1999 yapımı bu güzide filmimiz, cennetten kovulan iki meleğin dünyaya gelmesini ve burada azrail’le işbirliği yaparak tekrar cennete gitmeye çalışmalarını konu ediniyor. tahmin edeceğiniz üzere filmde hıristiyanlık öğretilerine bir sürü eleştiri var. gerek kadrosuyla, gerek komedi potansiyeliyle adından söz ettiren bu film maalesef türkiye’de gösterime girmedi.

tek mekanda geçen bir tartışma: the sunset limited (günbatımı sınırı)
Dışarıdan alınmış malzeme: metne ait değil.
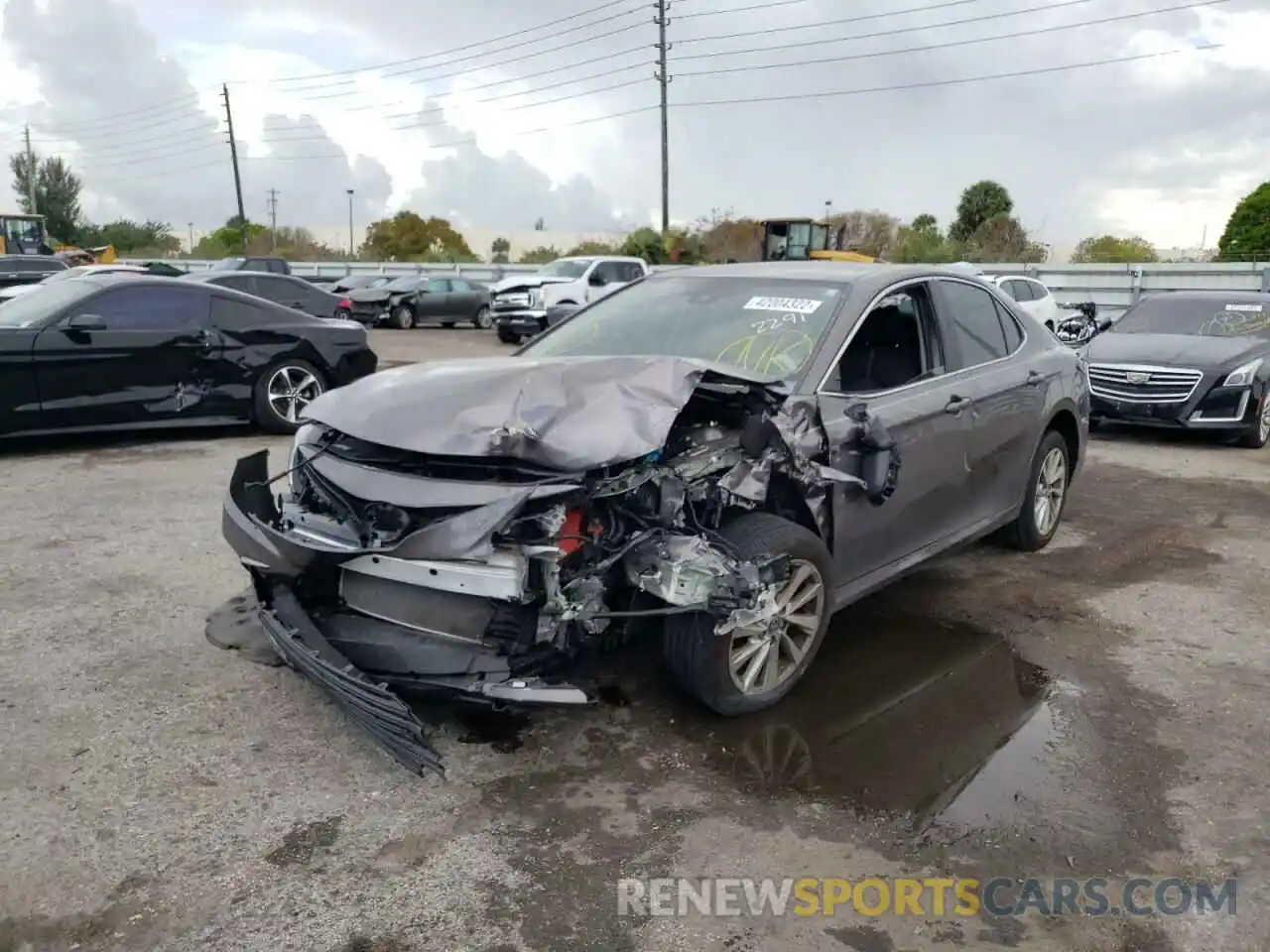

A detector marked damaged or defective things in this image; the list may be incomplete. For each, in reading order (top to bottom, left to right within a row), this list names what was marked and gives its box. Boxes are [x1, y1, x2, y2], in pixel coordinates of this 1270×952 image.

crushed front end [218, 357, 897, 774]
damaged ford truck [218, 260, 1095, 774]
severely damaged toyota camry [220, 260, 1095, 774]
tek mekan filmlerinden birisi olan sunset limited, iki karakterin dünya görüşleri üzerinden yola çıkan bir tartışma aynı zamanda. dindar olan siyah’la (samuel jackson) ateist bir profesörün beyaz’ın (tommy l. jones) siyah’ın dairesinde konuşmalarını, tartışmalarını içeriyor sunset limited. oyuncuları ve öyküyü göz önünde bulundurunca çok sağlam bir olduğunu belirtmekte bir beis görmüyoruz. sonu gelmeyen cümlelere hazırlayın ama kendinizi…

bir woody allen güzellemesi: whatever works (kim kiminle nerede)

woody allen’a aşina olan izleyiciyi hiç şaşırtmayacak bir film kim kiminle nerede. ultra mantıklı, açıksözlü ve iğneleyici bir adam olan boris’in yaşadıkları ve çevresinde olan biteni anlatıyor. her konuda söyleyeceği bir şeyler olan boris’in tanrı ve din konusunda da edeceği iki çift söz var. müthiş eğlenceli bir film ve adına yakışır bir finali var.

bu tartışma nereye gider: the ledge (hayatının seçimi)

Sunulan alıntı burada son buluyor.